Iron ore is a commodity and several factors influence price variations for the different types of iron ore, including percentage of ore in specific deposits, various processing and purification procedures needed to produce the final desired product, size of the particles, humidity ratio and type and concentration of impurities (such as phosphorus, alumina and manganese ore). In general, fines, lump and pellet feed are the main price variation determinants.

The global financial crisis had a strong negative impact on our domestic iron ore markets.
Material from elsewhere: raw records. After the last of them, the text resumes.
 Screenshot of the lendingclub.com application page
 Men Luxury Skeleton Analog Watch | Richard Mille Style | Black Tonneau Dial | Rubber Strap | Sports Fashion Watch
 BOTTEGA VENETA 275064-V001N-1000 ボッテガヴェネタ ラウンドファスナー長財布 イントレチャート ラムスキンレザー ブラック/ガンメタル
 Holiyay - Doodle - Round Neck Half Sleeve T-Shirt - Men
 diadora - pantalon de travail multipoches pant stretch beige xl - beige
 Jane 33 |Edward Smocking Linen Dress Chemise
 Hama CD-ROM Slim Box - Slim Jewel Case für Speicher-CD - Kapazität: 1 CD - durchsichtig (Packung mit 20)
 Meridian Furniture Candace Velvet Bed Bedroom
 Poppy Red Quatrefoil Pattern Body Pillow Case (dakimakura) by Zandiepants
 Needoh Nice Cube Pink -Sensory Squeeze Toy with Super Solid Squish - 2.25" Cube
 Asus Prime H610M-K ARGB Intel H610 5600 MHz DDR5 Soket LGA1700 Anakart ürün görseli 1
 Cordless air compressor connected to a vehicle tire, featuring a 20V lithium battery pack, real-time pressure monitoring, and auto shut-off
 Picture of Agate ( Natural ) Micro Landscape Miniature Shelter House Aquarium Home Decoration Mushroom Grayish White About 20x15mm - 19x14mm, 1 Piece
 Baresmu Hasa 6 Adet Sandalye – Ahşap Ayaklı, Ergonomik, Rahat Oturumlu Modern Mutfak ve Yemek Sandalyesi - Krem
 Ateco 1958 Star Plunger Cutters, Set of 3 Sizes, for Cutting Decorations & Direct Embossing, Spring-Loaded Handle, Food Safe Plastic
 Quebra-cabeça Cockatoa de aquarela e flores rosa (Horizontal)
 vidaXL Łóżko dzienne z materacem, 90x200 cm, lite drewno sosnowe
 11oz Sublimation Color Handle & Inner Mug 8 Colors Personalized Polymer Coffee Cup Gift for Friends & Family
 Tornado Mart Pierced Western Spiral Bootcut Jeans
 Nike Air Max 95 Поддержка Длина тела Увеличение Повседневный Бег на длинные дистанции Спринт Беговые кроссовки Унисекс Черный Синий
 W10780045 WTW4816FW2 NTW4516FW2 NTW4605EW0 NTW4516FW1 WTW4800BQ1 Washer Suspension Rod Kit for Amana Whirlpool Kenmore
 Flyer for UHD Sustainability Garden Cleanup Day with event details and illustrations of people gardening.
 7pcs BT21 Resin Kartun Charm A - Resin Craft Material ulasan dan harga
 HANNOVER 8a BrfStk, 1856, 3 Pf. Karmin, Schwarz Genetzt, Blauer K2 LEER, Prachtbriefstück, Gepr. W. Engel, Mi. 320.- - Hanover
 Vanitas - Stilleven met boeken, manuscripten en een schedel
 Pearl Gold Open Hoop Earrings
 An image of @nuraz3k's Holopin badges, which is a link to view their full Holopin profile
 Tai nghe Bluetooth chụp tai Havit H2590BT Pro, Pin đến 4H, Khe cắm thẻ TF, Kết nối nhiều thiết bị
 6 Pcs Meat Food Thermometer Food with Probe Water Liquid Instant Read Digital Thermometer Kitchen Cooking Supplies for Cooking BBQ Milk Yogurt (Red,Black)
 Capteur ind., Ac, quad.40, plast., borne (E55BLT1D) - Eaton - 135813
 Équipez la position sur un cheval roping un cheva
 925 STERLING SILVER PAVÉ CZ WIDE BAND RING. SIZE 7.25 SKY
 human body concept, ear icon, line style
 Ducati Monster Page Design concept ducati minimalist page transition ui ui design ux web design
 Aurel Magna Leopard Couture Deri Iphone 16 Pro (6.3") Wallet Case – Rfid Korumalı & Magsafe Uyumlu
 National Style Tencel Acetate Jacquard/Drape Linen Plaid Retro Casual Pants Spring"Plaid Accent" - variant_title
Nevertheless, despite the severity of the crisis, we believe the global downturn will not affect the long-term economic development of emerging countries or the structural changes in recent years that led to accelerating demand for minerals and metals, especially iron ore. In addition, China, the world’s largest steel producer, has become extremely dependent on iron ore imports and we expect this trend to continue in the future. We have planned investments to significantly increase CSN’s and Namisa’s total production capacity and to further expand the Itaguaí seaport terminal.

Cement

We are implementing investments to produce a total of 2.3 million tons of cement from blast furnace slag in the Presidente Vargas Steelworks and limestone from our exclusive mine located in the city of Arcos, in the state of Minas Gerais. We expect to finish the first phase of investment in 2009, which will allow us to produce 1.0 million ton. The cement industry has been recording an average annual growth of 8% for the past five years, and in 2008 preliminary data shows a 13% increase as compared to 2007, according to data from the National Union of the Cement Industry (Sindicato Nacional da Indústria do Cimento), or SNIC. We expect that in 2009 growth in cement demand will be stable.

SEC Comment No. 6.

6. We note your response to comment 6 in our letter dated September 17, 2009. It is unclear how you determined that a significant variation in interest rates and/or in currency exchange rates would not result in a material impact to your financial statements, including your results of operations. In this regard, we note that the depreciation of the Real as compared to the US Dollar as of December 31, 2008, as compared to December 31, 2007, did result in a material impact to income before income taxes and equity in results of affiliated companies for fiscal year 2008. We further note that you paid R1.1 billion in the third quarter of fiscal year 2009 to settle equity, foreign exchange, and interest derivative instruments, which appear to be material to your cash flows. As such, we continue to request that you revise your Item 11 disclosures to include the expected impact of market fluctuations on your existing derivative positions (i.e., what market change would cause you to recognize a loss on your derivative positions). Refer to Items 5D and 11 of Form 20-F for guidance.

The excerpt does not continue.